HTTPArchive / almanac.httparchive.org

HTTP Archive's annual "State of the Web" report made by the web community
https://almanac.httparchive.org
Apache License 2.0
613 stars 173 forks source link

Support standard citation options #1325

Open rviscomi opened 4 years ago

rviscomi commented 4 years ago

See https://scholar.google.com/intl/en/scholar/inclusion.html#indexing I'd love to see Google Scholar automatically crawling and indexing our ebook content. Edit - this was completed in #2191

We should also add citation options at the bottom of each chapter as discussed in https://github.com/HTTPArchive/almanac.httparchive.org/issues/1325#issuecomment-836071476 and https://github.com/HTTPArchive/almanac.httparchive.org/issues/1325#issuecomment-838268787

nrllh commented 4 years ago

I think, we should configure also each chapter in that way, to get better impression

tunetheweb commented 4 years ago

@rviscomi looks like the limit for Google Scholar is 5Mb

Each file must not exceed 5MB in size. To index larger files, or to index scanned images of pages that require OCR, please upload them to Google Book Search.
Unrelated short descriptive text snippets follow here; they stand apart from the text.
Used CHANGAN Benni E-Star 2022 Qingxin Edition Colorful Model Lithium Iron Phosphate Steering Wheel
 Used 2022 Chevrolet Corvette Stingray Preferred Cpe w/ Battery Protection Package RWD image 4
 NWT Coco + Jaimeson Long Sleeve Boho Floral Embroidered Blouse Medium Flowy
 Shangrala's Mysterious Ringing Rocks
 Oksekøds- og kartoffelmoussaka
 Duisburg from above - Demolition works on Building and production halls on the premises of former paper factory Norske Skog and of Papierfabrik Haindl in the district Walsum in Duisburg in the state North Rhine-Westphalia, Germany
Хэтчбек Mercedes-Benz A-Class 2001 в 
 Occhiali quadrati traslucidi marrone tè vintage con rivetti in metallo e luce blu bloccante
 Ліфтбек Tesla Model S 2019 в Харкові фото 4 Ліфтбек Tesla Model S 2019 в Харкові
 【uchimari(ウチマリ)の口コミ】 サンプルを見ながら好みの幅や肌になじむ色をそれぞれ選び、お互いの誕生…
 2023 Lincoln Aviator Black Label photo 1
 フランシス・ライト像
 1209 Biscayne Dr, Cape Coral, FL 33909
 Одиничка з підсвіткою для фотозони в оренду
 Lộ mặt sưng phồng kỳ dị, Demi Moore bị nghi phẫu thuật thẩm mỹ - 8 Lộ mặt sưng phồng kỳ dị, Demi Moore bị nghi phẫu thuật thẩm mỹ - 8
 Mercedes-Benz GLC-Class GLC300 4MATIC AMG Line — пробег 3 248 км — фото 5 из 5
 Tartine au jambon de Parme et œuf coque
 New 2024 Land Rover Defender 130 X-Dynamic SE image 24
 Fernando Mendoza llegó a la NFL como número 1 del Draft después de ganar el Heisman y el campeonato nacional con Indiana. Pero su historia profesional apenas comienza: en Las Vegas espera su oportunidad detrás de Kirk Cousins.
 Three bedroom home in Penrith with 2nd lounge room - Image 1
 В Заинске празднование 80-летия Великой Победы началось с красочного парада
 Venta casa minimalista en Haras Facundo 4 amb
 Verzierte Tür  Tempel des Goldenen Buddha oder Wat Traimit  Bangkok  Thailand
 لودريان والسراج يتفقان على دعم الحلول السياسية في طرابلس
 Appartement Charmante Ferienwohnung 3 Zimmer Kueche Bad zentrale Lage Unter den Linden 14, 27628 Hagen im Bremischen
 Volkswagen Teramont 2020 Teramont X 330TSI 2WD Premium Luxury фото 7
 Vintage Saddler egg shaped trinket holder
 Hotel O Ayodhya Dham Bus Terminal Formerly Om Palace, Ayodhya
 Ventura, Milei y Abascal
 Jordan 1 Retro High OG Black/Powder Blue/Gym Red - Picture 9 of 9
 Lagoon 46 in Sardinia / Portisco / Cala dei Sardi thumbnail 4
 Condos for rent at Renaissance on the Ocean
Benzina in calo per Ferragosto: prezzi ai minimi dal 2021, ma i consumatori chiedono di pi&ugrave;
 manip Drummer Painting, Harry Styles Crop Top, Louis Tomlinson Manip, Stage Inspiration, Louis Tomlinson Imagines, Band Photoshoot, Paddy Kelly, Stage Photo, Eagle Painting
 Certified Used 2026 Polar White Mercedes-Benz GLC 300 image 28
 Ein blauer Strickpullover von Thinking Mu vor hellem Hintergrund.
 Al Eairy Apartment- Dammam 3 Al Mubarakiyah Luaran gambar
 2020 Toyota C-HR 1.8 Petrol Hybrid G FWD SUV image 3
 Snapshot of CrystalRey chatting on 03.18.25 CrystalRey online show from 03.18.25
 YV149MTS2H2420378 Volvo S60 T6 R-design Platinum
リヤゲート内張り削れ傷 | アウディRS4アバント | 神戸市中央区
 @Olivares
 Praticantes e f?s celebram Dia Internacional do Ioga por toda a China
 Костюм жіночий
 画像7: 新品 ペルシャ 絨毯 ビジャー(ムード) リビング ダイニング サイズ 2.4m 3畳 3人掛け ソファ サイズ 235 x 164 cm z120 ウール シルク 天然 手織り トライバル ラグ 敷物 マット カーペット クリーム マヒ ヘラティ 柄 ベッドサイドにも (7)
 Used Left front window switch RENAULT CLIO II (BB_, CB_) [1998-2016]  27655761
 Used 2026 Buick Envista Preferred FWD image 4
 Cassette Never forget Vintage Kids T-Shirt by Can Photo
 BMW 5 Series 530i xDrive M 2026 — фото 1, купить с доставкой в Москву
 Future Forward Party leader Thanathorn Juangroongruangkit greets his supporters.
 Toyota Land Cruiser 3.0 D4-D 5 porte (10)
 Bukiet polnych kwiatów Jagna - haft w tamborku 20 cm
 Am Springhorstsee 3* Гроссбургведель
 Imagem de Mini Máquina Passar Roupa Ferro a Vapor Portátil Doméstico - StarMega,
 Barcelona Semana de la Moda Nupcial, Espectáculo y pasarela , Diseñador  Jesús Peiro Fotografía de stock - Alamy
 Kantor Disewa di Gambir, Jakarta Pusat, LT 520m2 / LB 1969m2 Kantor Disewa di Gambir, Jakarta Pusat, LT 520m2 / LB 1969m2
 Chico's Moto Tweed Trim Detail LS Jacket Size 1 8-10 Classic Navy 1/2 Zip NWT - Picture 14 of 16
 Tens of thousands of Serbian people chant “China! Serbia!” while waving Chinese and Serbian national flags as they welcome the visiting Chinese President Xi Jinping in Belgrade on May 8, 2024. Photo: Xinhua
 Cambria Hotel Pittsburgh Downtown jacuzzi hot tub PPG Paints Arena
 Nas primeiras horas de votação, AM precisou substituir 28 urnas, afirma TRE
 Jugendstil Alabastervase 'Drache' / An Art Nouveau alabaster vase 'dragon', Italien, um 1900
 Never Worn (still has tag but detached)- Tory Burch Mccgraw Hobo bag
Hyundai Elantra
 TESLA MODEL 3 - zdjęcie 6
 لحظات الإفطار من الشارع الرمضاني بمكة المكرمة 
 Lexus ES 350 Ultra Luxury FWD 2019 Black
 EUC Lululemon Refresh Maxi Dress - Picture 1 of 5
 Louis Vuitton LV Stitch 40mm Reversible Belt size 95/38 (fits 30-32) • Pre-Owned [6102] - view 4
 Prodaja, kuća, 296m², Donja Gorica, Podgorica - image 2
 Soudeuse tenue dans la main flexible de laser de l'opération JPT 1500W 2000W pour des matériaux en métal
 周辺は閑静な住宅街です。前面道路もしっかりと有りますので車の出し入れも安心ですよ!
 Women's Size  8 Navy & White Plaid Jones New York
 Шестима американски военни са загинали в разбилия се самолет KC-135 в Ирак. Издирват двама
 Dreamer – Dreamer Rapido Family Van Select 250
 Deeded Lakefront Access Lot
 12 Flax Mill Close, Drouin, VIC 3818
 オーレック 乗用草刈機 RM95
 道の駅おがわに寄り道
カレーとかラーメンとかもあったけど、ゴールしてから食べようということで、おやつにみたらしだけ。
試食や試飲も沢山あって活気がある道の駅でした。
Our ebook is 17Mb so not eligible.

I think, we should configure also each chapter in that way, to get better impression

We actually include most of this data as Structured Data in the chapters already (JavaScript example).

We could include the extra meta data too in an effort to index there but again most of the chapters are large than the 5MB maximum - for example the CSS chapter comes in at 52MB in a high resolution screen once the interactive graphs have loaded! The non-interactive version with fallback images is 1.2M but not sure if scholar bot will crawl for that.

rviscomi commented 4 years ago

My understanding is the 5MB limit applies to the PDF version but not the HTML version, which can be indexed and searchable in Scholar. There may be metadata that we can add to the HTML version of the ebook to make it more search friendly.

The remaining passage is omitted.